Concepts of Digital Garden

Abstract

In this seed I explore some variations around the concept of Digital Gardens, and make an iteration towards my own variation on the topic.


The Many Forms of Digital Gardens



Doing some research on the Web about the concept of Digital Gardens, I found some description about the idea behind that name. One of the descriptions is that they are a way to pusblish personal knowledge on the Web; they sit in the middle point between a weblogs or blogs, note takings apps, and a work-in-progress wikis. As such, a garden would be a collection of evolving ideas that are not organised by their publication date like a blog is, it is not just a collection of dispersed notes about any topic, and they are not polished articles Nobel Prize ready. On the other hand, previous iterations around the concept were about thinking the hyperspace made by hypertexts, and ways to organise information and its hyperlinks to foster free exploration instead of paths being predefined by the author of the webpage or website.



I found other description of digital gardenning as the act of sort, cleaning and declutter our digital space on the Web. Another approach is the Digital Garden as a different way of thinking about information on the Web. Instead of thinking about it as streams of events immersed in immediacy, another approach is a linked landscape that grows slowly over time. This is simular as the idea of Docuverse expressed by Ted Nelson where all the information is accessible by a link from anywhere else. A series of paths are initially propposed to the reader by the hyperwriter, but it is the reader, based on her own choices who decide which path may want to take. So, that idea of Digital Garden is connected with the original ideas about hypertext that Tim Berners Lee saw as the navigation architecture of the Web.



Photo by Jean Carlo Emer on Unsplash



Another idea arount the concept of Digital Garden is the idea of Personal Knowledge System (PKS). A PKS should serve to its purpose: build your own knowledge. It implies the idea of personal approach with its own information architecture, page layouts, styles and so on. If some hyperlinked structured is present, it should be done just understable for the person who is building its knowledge. It is like having expressed your way of articulate meaning published on the Web.



According to the MIT Technology Review, a Digital Garden let people cultivate their own little bit of internet. The Review stresses the personal approach and the process of approppriation of the Web as stablishing a home in the vast Web space of information. ‘Digital Gardens explore a wide variety of topics and are frequently adjusted and changed to show growth and learning, particularly among people with niche interests’ The emphasis in variety, change and grow shows how Digital Gardens are a space for work-in-progress styles and foster curiosity and reserach on specific topics online.
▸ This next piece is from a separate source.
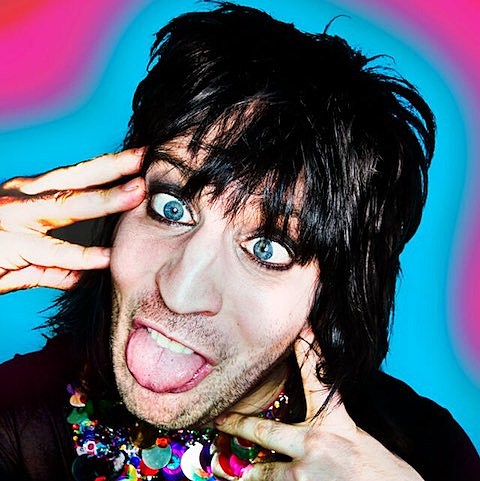 UK comedian Noel Fielding reschedules North American tour dates, including 5 nights in NYC (tickets on sale)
'Through them, people are creating an internet that is less about connections and feedback, and more about quiet spaces they can call their own'



Another feature of the Digital Garden is the intended audience and the general tone of the work. The main target of your digital garden is yourself. You are talking with yourself about the topics you may more interested in. Tha personal tone and public thought implies a reader contract with other people that may find your garden. Others may know that the state of the garden they found is just a snapshot of a never ending process of thinking and understanding. They may know that the state of the garden may change and evolve over time.



As such, there is an ethos of cultivating creativity and individuality as well as a different sense of time and Web space. In Digital Gardens time is not marked by urgency or immediacy, but time is a place to stay and enjoy. At the same time, the Web space turns more personal, cozy and far from the Web noise pollution. At the end, Digital Gardens are a way to think in public, slowly growing that is rewarding in realizing connections, understanding and relations over time. A garden takes time and dedication to grow.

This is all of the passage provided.